Optimizing large dataset performance in web-based spreadsheets

I’m working on a project that needs to display a huge amount of data in a spreadsheet on a webpage. I’m using a library called handsontable with jQuery. It works okay for smaller datasets but when I try to load more than 100,000 rows from my MongoDB, it gets super slow and eats up a ton of memory.

I thought about only showing 2000 rows at a time and loading more as the user scrolls. But that might cause problems if someone wants to change a value for the whole dataset at once.

I’m wondering how other devs have solved this issue. I heard Google Sheets can handle millions of rows now. How do they do it? What are some good ways to make this work smoothly with so much data?

Here’s a simple example of what I’m working with:

const hot = new Handsontable(container, {
  data: hugeDataset,
  rowHeaders: true,
  colHeaders: true,
  height: 'auto',
  width: 'auto',
  filters: true,
  dropdownMenu: true
});

Any ideas on how to make this more efficient?

Having tackled similar challenges, I can tell you it’s not easy, but there are ways to make it work. One approach that yielded good results for me was implementing a custom virtual rendering system. Essentially, I only rendered the visible cells plus a buffer, and swapped them out as the user scrolled.

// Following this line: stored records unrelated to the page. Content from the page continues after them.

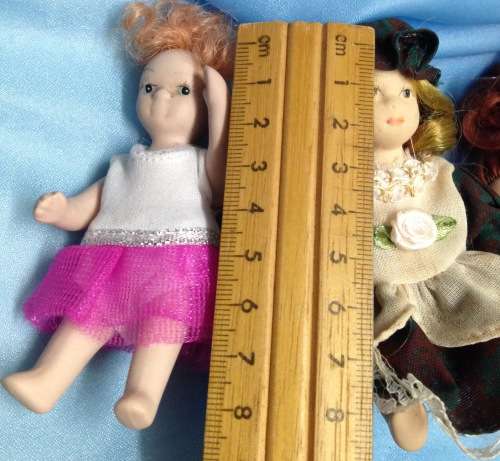 3 mix small dolls see pictures 2 porcelain 1 other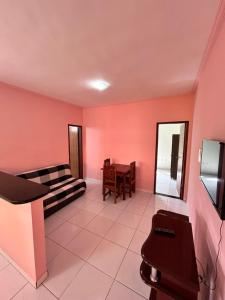 een woonkamer met roze muren en een tafel bij Apartamento no Condomínio il sole in Porto Seguro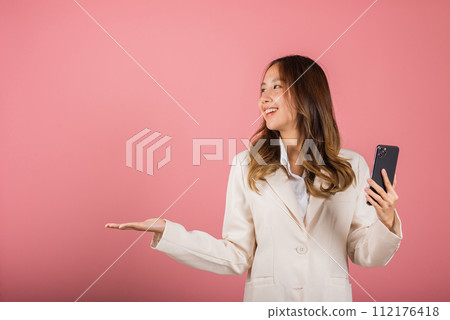 Happy Asian portrait beautiful cute young woman excited holding mobile phone blank screen presenting product with palm of hand at empty, studio shot isolated on pink background, female look to space 112176418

It took some effort to get right, but it dramatically improved performance.

Another trick I found useful was to defer non-essential operations. For instance, I’d postpone calculation-heavy tasks until the user stopped scrolling or typing. This kept the interface feeling snappy even with massive datasets.

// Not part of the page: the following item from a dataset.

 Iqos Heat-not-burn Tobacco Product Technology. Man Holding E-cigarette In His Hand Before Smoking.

As for handling whole-dataset operations, I ended up processing those server-side and pushing updates to the client in batches. It wasn’t perfect, but it was a decent compromise between functionality and performance.

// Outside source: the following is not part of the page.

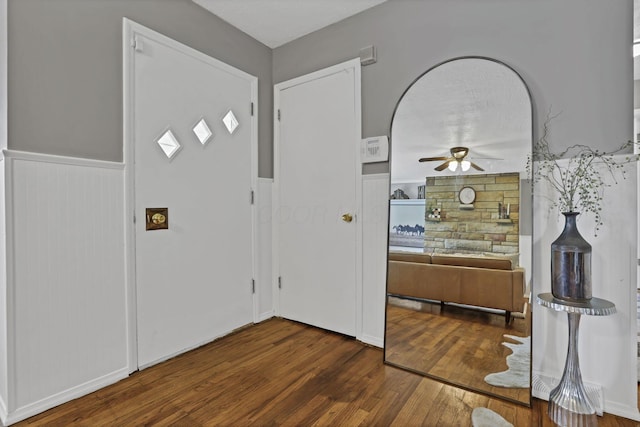 135 Fernhill Ave, Columbus, OH 43228 - foyer entrance featuring a ceiling fan, dark wood-type flooring, and a wainscoted wall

Remember, there’s no silver bullet here. It’s all about finding the right balance for your specific use case.

Optimizing performance in web-based spreadsheets with large datasets can be addressed by implementing strategies that reduce the browser’s workload. For instance, virtual scrolling helps by rendering only the visible rows dynamically so that as you scroll, rows are loaded and unloaded. Fetching data in smaller chunks instead of all at once can significantly reduce startup time and memory demands. Additionally, caching computations and offloading heavy processing to background threads can keep the interface responsive. In my experience, combining these techniques while carefully profiling the application leads to noticeable improvements.

yo, i dealt with this before. try lazy loading chunks of data as user scrolls. also, use Web Workers for heavy lifting - keeps UI smooth. Google Sheets prob uses some crazy optimization tricks. maybe look into IndexedDB for client-side caching? could help with performance. good luck man!